Comments

Terry Esslinger wrote on 2/12/2009, 9:30 AM
Unless you held your camera sideways when you filmed the video will be captured right side up. If you put the clip on a time line and it is sideways then an Fx is or pan/crop or track motion change has been made. If all clips placed on a track are that way the problem is probably in the track header. Check all the settings. If jus certain clips are that way then for some reason some setting in that clip has been changed. Is either the pan/crop sign or the Fx sign turned green? If so something is applied. You'll have to root it out.
Chienworks wrote on 2/12/2009, 2:57 PM
I would guess the most likely cause is tipping the camera. Some inexperienced* videographers will do this because they want an image that is taller than it is wide (take THAT, all you 16:9 advocates! muahahahaha), and this is the way to do that when shooting still images. It doesn't occur to them that people aren't going to rotate the television screen for those shots.
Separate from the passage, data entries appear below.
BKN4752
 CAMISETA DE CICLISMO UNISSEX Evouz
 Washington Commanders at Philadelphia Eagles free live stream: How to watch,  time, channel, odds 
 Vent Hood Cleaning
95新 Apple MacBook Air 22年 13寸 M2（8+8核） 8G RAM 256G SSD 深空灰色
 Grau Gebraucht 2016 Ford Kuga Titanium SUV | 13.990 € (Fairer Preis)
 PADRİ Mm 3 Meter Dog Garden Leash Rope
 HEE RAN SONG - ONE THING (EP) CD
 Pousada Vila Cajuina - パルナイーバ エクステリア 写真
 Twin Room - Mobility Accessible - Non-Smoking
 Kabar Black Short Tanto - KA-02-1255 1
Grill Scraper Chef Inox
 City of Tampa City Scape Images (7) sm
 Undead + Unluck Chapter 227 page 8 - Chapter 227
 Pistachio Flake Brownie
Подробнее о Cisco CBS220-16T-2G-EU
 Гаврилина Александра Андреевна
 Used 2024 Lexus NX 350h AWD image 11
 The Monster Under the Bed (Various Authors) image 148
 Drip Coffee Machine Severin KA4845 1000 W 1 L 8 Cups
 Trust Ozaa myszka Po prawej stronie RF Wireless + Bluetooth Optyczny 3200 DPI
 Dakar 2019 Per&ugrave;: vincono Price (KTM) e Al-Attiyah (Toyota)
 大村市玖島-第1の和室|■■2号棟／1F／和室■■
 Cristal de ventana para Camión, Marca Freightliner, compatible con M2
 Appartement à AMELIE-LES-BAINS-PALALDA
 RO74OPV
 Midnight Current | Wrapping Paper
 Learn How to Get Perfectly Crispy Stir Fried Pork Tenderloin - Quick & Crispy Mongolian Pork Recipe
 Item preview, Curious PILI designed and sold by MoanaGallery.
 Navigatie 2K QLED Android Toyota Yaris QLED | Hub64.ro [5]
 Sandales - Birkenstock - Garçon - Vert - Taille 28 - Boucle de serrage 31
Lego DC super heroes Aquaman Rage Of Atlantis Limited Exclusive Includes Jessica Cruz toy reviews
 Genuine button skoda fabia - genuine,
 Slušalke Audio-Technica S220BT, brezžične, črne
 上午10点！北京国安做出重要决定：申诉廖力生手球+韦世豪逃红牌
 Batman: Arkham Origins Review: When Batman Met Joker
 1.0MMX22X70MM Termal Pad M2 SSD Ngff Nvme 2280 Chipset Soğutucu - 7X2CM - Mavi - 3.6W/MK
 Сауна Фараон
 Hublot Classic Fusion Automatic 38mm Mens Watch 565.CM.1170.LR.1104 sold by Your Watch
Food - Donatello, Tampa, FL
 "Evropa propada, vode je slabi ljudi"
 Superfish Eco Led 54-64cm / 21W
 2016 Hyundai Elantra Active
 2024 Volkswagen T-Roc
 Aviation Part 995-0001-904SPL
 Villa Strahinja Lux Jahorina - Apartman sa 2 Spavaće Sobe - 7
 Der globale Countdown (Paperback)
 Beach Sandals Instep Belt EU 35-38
In any case, pan/crop is the way to fix this. If the camera was rotated then use pan/crop to unrotate the image. If the image was rotated with pan/crop, then turn off the pan/crop rotation.

*I'll note that some very experienced videographers might do this too for artistic effect.
richard-amirault wrote on 2/12/2009, 5:59 PM
Some inexperienced* videographers will do this because they want an image that is taller than it is wide

Been there, done that, have the t-shirt :-(

But that was a long time ago .. and have never done it since.